As for this year’s Christmas ad, Cramond and her team tapped what had landed best through the previous year. Two of the stars of its What’s New at M&S Food series - McGuinness and Willis - visit a Christmas food market manned by M&S product developers for what feels like an on-location version of the social show. And again, it’s resonating.
“Our customers are highly engaged with our strategy because we are listening to them and looking at how they engage with our marketing,” says Cramond. “We employ a test-and-learn strategy to learn what type of content works best on which platforms so we can create bespoke content by platform as well as customer base.”
This is not just marketing talk.

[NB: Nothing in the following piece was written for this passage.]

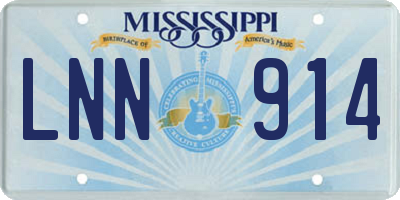 MS license plate LNN914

This, it would appear, is really working.
Who else is getting advertising right?
All the supermarkets’ top ad awareness scores were achieved in December.
M&S’s 2018 Christmas ad earned it the highest awareness score for the whole period, across all categories. Next-best stores in terms of ad recall for the year were Tesco, Sainsbury’s, Aldi and Morrisons.
This year’s M&S Christmas ad has also scored highly for awareness - but has been beaten so far by Tesco’s 2019 effort.
Fast food & delivery
McDonald’s marketing effort this year, as ever, has been expansive, expensive and effective. It achieved top ad awareness scores in the category every month.
KFC and Domino’s Pizza also produced some effective advertising, but face competition in the brand awareness stakes from delivery services Just Eat and Deliveroo.
This amounts to doubly good news for KFC - it can be ordered via the Deliveroo platform as well as Just Eat.
High street fashion
In November, M&S CEO Steve Rowe revealed revenue across its Clothing & Home division was down by 7.8%. The poor performance couldn’t be blamed on lacklustre marketing: M&S scored the highest awareness for its clothing-focused ads for most months of the year.
This year’s Christmas ad for M&S clothing is performing well too. In response to the success of ‘Go Jumpers’, a ‘Go Pyjamas’ ad has been launched.
Amazon has ramped up its advertising in recent months. Campaigns have focused on two things: convincing people to order their Christmas gifts on its website, and convincing others to come and work in its warehouses so all those orders can be fulfilled.
Amazon’s Christmas ad sees people carry the smiling boxes to loved ones (in the US). In its recruitment ads, real staff members share the benefits of working in Amazon’s huge DCs.
The Argos ‘drum kit’ Christmas campaign this year has already performed well in the category, but its ads were also readily recalled before and after Christmas last year.
Argos stores are being closed by the score, as owner Sainsbury’s overhauls its estate and integrates them into its supermarkets - a set-up portrayed in Argos’s 2018 Christmas ad.
Ads from Ikea, B&Q and Currys were also well recalled.